AI-powered video extraction API for metadata, transcripts, faces, scenes, objects, and more
Project description
Media Engine
AI-powered video metadata extraction API for small TV stations and content creators. Provides a "file in → JSON out" API that extracts metadata, transcripts, faces, scenes, objects, CLIP embeddings, OCR text, and camera motion from video files.
Installation
# Apple Silicon Mac
pip install media-engine[mlx]
pip install https://github.com/harperreed/mlx_clip/archive/refs/heads/main.zip
# NVIDIA GPU
pip install media-engine[cuda]
# CPU only
pip install media-engine[cpu]
# Speaker diarization (optional, run after platform install)
pip install pyannote-audio
pip install --upgrade torch torchaudio torchvision
# Start the server
meng-server
Requirements: Python 3.12+, ffmpeg
Note: Speaker diarization requires a HuggingFace token with access to the pyannote models.
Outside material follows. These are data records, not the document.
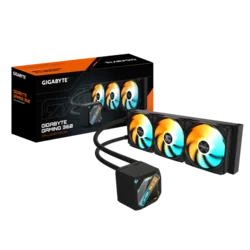 GIGABYTE CPU Kuler GME 360, Vodeno hlađenje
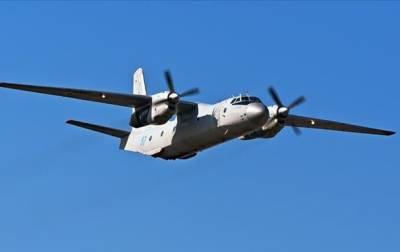 Владимир Солодов - Катастрофа Ан-26 на Камчатке: все пассажиры объявлены погибшими - korrespondent.net - Россия - Украина - Камчатский край - Петропавловск-Камчатский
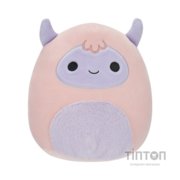 М'яка іграшка Squishmallows Єті Рональда 19 см (SQCR04123)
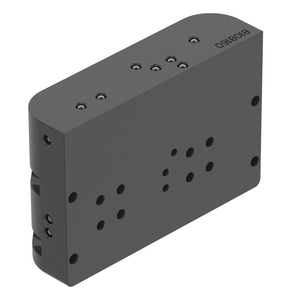 Módulo de suministro de aire neumático de la serie CAPS para el sistema de control neumático CMSH-V-SD - Product Image 1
Set
hf_tokenin~/.config/polybos/config.json. pyannote-audio pins an older torch version, so the two-step install above prevents a torch downgrade.
Features
- Metadata extraction - Duration, resolution, codec, GPS, device info (modular per-manufacturer)
- Transcription - Whisper with speaker diarization
- Face detection - DeepFace with embedding clustering
- Scene detection - PySceneDetect content-aware boundaries
- Object detection - YOLO or Qwen VLM
- CLIP embeddings - Per-scene similarity search
- OCR - PaddleOCR text extraction
- Motion analysis - Camera pan/tilt/zoom detection
- Shot type - Aerial, interview, b-roll classification
Quick Start
Docker (Recommended)
# Clone and run
git clone https://github.com/thetrainroom/media-engine.git
cd media-engine
# Start the server
docker compose up -d
# Test
curl http://localhost:8001/health
Mount your media folder:
MEDIA_PATH=/path/to/videos docker compose up -d
For NVIDIA GPU support (uses Dockerfile.cuda):
docker compose --profile gpu up -d
Or build manually:
docker build -f Dockerfile.cuda -t media-engine-gpu .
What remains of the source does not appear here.